Looking at the comments here, it's possible that this may trigger a run on banks.



The subtext here is David Sacks and his friends are investors in Silicon Valley companies. Lots of Silicon Valley companies are depositors of SVB and could lose money if there is a haircut on assets over $250k, or at least will lose temporary access to their cash. David Sacks wants SVB to be bailed out by a major bank so those deposits are made good. He’s talking about a wider economic impact because that’s an argument that such a bailout is necessary for the country, not just local VCs.


So gambler wants house to cover his losses because his friends and him won't be able to continue gamble if they lose.

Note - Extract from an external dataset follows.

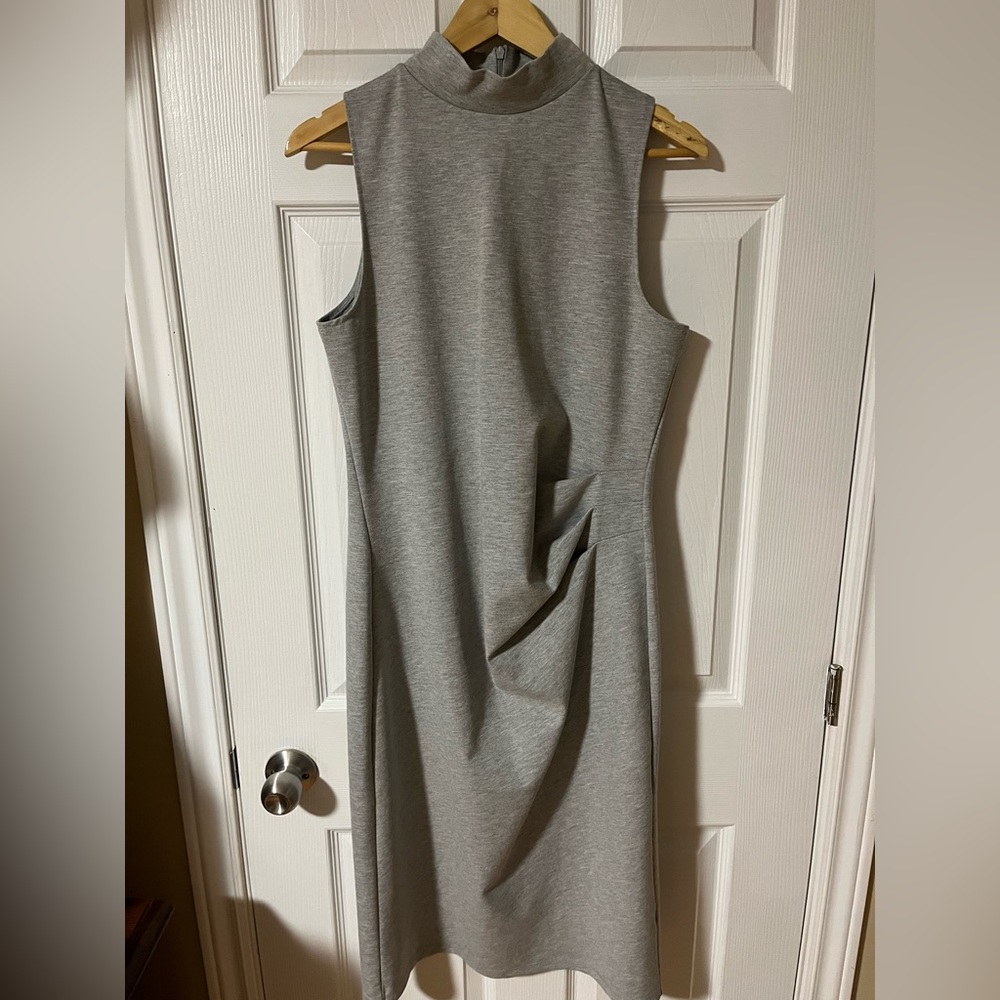Elegant Gray Sleeveless Dress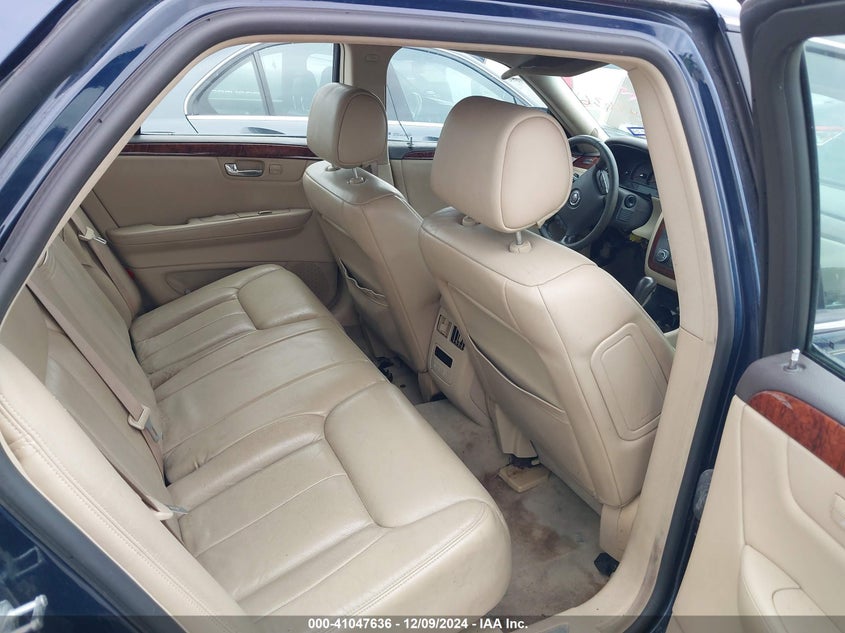 2007 CADILLAC DTS VIN: 1G6KD57Y77U112404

I don’t understand the disgust I’m reading for VCs and startups. Bailing out the bank doesn’t mean we let the bank CEO get richer off this transaction (like we did in 2008). It means the startup companies making payroll are going to survive and continue building the future of technology and healthcare.

What am I missing?


There’s disgust for a few reasons. One is that the wealthy (including VCs) have an undue influence on society and the economy just due to being wealthy. It’s always nice to see them take a hit sometimes.

Silicon Valley is “building the future”, but at the same time can be very disconnected from the lives of many people around the country. That leads to mistrust and lack of empathy when these kinds of things happen.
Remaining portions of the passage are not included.